Mayor George Flaggs Jr. is taking off the gloves when it comes to COVID-19 in Vicksburg.

In response to the rising numbers of COVID-19 cases in Warren County, Flaggs announced Friday that any business not conforming to the city’s COVID-19 restrictions will be cited and fined. If the business continues to flout the law, the city will turn off its utilities. This new, tougher restriction goes into effect at noon Saturday, Dec. 6.

The seven-day average of new COVID-19 cases rose to more than 20 per day Friday with 46 cases reported. The average is four times higher than where it was a month ago.

“The mitigation of this disease is too important,” Flaggs said, his voice rising with emotion. He said that continuing the trend will land Warren County on the governor’s hot spot list.

“We will not compromise, and we will not negotiate,” the Mayor added.

Flaggs said that most businesses in Vicksburg are complying to the city’s orders, but a few continue to ignore them.

“We’re not going to let one business disrupt the economy of Vicksburg by not wanting to do what you should be doing,” he said.

Summary of the new order:
Read the complete supplemental order

In addition to the regulations effective Dec. 2, 2020:

  1. All persons are required to wear a face covering, both indoors and outdoors, at group/social gatherings if social distancing (6 feet apart from persons who are not household members) is not or cannot be practiced.
  2. Group/social gathering temperature checks – before entering a group/social gathering, inside or outside, of more than 20 people, the host or other designated responsible person must check the temperature of all persons requesting entrance. If a person’s temperature is higher than 100.4°, the person must not be allowed to enter the group/social gathering. Examples of a group/social gathering are a private party, house party, wedding, wedding reception, wedding or baby shower, sporting event, funeral, worship service or other social event.

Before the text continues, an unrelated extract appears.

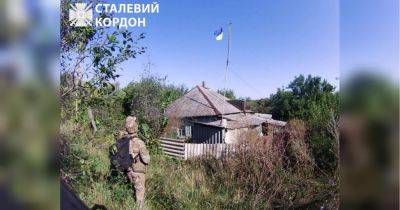 Пограничники подняли украинский флаг над двумя селами в «серой зоне» на Харьковщине (видео)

The host or other designated responsible person must also keep a list of persons attending the gathering and contact information for contact tracing if needed.
  3. Restaurants and bars – businesses that sell alcohol for consumption on its premises or businesses that allow consumption of alcohol on its premises must check the temperature of every employee and patron before entrance. If a person’s temperature is above 100.4°, the person must not be allowed to enter the premises.
  4. The Block Party scheduled for Downtown Vicksburg Friday, Dec. 4, 2020, is canceled and all future Block Parties are canceled until further notice.

Violation of this EMERGENCY PROCLAMATION will be subject to misdemeanor prosecution pursuant to Sec. 45-17-9 of the Mississippi Code of 1972, as amended, Sec. 33-15-7 and Sec. 1-9 of the Code of Ordinances of the City of Vicksburg, including a fine of up to $1,000.00 and 90 days in jail.